Les générations à venir
Beaucoup, dans les milieux écologistes – mais pas seulement – répètent volontiers que, sur les questions d’environnement, la prise de conscience des catholiques a été tardive.
C’est sans doute vrai pour la masse des fidèles, mais c’est faux en ce qui concerne le magistère.
C’est en effet en 1970, soit deux ans avant 1972 – date à laquelle la question émerge dans le débat public, avec le rapport du Club de Rome sur les limites de la croissance -, que Paul VI déclare devant la FAO : « La détérioration progressive de ce qu’il est convenu d’appeler l’environnement risque, sous l’effet des retombées de la civilisation industrielle, de conduire à une véritable catastrophe écologique. Déjà nous voyons se vicier l’air que nous respirons, se dégrader l’eau que nous buvons, se polluer les rivières, les lacs, voire les océans, jusqu’à faire craindre une véritable ‘mort biologique’ dans un avenir rapproché, si des mesures énergiques ne sont sans retard courageusement adoptées et sévèrement mises en œuvre» (La documentation catholique, n° 1575, pp 1051-1056).
Il récidive l’année suivante : « Brusquement l’homme en prend conscience : par une exploitation inconsidérée de la nature, il risque de la détruire et d’être à son tour la victime de cette dégradation. Non seulement l’environnement matériel devient une menace permanente – pollutions et déchets, nouvelles maladies, pouvoir destructeur absolu – mais c’est le cadre humain que l’homme ne maîtrise plus, créant ainsi pour demain un environnement qui pourra lui être intolérable. Problème social d’envergure qui regarde la famille humaine tout entière. C’est vers ces perceptions neuves que le chrétien doit se tourner pour prendre en responsabilité, avec les autres hommes, un destin désormais commun (Octogesima adveniens, n. 21).
On voit que la « doctrine sociale de l’Eglise » est parfois en avance sur ce que pensent les catholiques, et parfois les bouscule même un peu. Ce fut le cas avec Rerum Novarum (1891), qui suscita bien des réticences chez les patrons catholiques ; c’est le cas aujourd’hui sur des questions comme la peine de mort aux Etats-Unis ou l’accueil de l’étranger dans notre pays.

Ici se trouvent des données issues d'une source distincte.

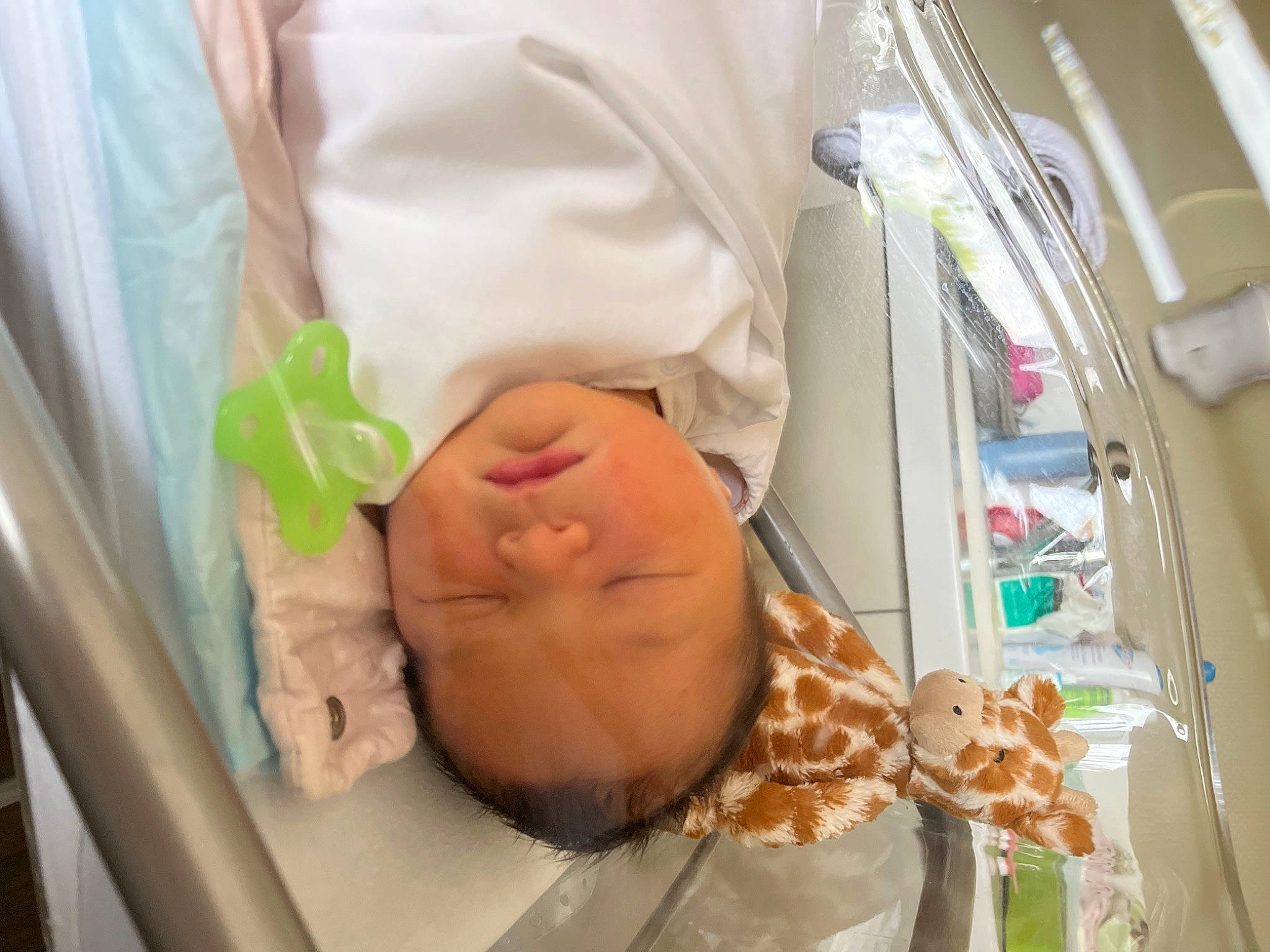 Naomi participe au concours pour gagner de l'argent avec cette photo : abdomen, baby, baby_products, baby_safety, baby_sleeping, bed, bedding, bedtime, child, childbirth, comfort, hospital, infant_bed, laundry_room, linens, major_appliance, person, room, service, sleep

Autre encyclique à rappeler : Populorum progressio (1967). Certes, ce texte n’aborde pas la question écologique, mais il familiarise les catholiques avec l’idée – devenue aujourd’hui essentielle pour l’avenir de notre planète – que le vrai développement ne s’identifie pas à la croissance du PIB par habitant. Il comprend aussi (au § 17) une phrase qui annonce un thème qui devient aujourd’hui central dans l’argumentaire éthique, le devoir de laisser à nos descendants une planète vivable : « Héritiers des générations passées et bénéficiaires du travail de nos contemporains, nous avons des obligations envers tous et nous ne pouvons nous désintéresser de ceux qui viendront agrandir après nous le cercle de la famille humaine ».
Repris par Jean-Paul II (voir le n° 367 du Compendium), ce thème est développé par Benoît XVI, qui introduit le concept de « solidarité intergénérationnelle », puis souligne que l’adjectif « universel », dans l’énoncé du principe traditionnel de la « destination universelle des biens » ne couvre pas seulement l’espace, mais le temps : « L’environnement naturel a été donné à tous par Dieu et son usage représente pour nous une responsabilité à l’égard des pauvres, des générations à venir et de l’humanité tout entière » (Caritas in veritate 48).